▸ **TASK GOAL**
Copy exactly the lines from the first line of the records below through the line containing "Meisterbrief von Achim Maas", including both, and nothing else.

Items from a dataset:
_ _ _ _ _ _ _

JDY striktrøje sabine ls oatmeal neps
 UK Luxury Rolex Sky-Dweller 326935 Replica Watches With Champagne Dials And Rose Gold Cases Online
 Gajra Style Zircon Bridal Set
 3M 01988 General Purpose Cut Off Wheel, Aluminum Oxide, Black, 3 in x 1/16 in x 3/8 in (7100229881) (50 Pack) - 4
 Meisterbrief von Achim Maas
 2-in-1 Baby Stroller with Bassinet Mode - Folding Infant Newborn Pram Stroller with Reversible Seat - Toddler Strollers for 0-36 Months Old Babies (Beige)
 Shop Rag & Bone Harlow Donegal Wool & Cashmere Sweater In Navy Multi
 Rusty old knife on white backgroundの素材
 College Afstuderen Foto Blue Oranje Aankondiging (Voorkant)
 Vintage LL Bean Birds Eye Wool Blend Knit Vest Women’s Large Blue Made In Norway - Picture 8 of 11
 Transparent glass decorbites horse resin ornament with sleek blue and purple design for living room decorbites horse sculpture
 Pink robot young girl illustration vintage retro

_ _ _ _ _ _ _

▸ **ANSWER SECTION**
JDY striktrøje sabine ls oatmeal neps
 UK Luxury Rolex Sky-Dweller 326935 Replica Watches With Champagne Dials And Rose Gold Cases Online
 Gajra Style Zircon Bridal Set
 3M 01988 General Purpose Cut Off Wheel, Aluminum Oxide, Black, 3 in x 1/16 in x 3/8 in (7100229881) (50 Pack) - 4
 Meisterbrief von Achim Maas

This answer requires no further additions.